As I write this, I am listening to my very own personalized radio station on Pandora. Pandora is a web site which uses your musical tastes to design a customized "radio station" that will serve up only the music you love. I have been listening to it, on and off, for about couple of weeks now, and I must say, with apologies to MacDonald's Corp., that I'm lovin' it.
Now, had I not been a programmer, I would have simply been impressed, and accepted Arthur C. Clarke's third law - "Any sufficiently advanced technology is indistinguishable from magic", and gone on with my life. But being one, and being a sucker for this kind of stuff, I keep thinking of how they do it, rather than accept and enjoy the fact that they just do such a bang-up job. So having nothing more concrete to write about this week, here is my analysis. But be warned...its probably far enough from the mark to have the Pandora guys rolling on their office floor in laughter at my naivete.
The founders of Pandora are also the originators of the Music Genome Project. Each song in Pandora's collection is classified along 400+ attributes, called its 'genes'. Assuming exactly 400 attributes, each song is now a point in a 400 dimensional space.

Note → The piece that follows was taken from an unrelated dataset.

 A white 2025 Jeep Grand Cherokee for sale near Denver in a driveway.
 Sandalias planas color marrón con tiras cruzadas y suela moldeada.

When you register on Pandora, they ask you for three things - your age, gender, and your choice of songs for your station. The last can be an artist or a band, a genre or a period. While your age and gender are probably not song attributes on their own, they are very strong indicators of the "type" of music you like to listen to. The reason for this is that we tend to listen to most of our music during our teens, and our preferred genre of music usually happens to be whatever was most popular during this time. As to gender, boys and girls typically listen to different artists, even within the same genre, although the distinction may not be as clear cut as with age.
So, by the time you register and set up your station, Pandora already knows about 5-10 of the attributes of the songs you would probably like. So assuming 7 known attributes, the songs that you are most likely to enjoy are songs which lie closest in the 7-dimensional space defined by these attributes. This could be a simple Eucledian distance calculation:
1 2 3 4 5 6 7 8
distance = 0 for song in songs: for attribute in user.attributes: distance += (song[attribute].value - attribute.value) ** 2 distance = sqrt(distance) if (distance < closeness_cutoff: song.play() continue
As they stream the songs in to you, Pandora asks that you optionally rate the song with either a thumbs-up and thumbs-down. What this does is weight your user object with the attributes of the song you just rated. The process can be thought of as "evolving" your user object to have more "genes" or attributes. So, something like this:
1 2 3 4 5
for attribute in song.attributes: if (song.ratedAs(thumbs_up)): user[attribute].value += attribute.value else: user[attribute].value -= attribute.value
Applying your "evolved" user object to filter out the songs will now result in distance calculations across more dimensions, and thus make it possible for Pandora to give you results which are closer to your tastes.
Even if my analysis is completely off the mark, I think the idea of a radio station customized per user is really cool. Its like having your personal music collection wherever you have a connection to the Internet. Kudos to the Pandora team for cooking this up.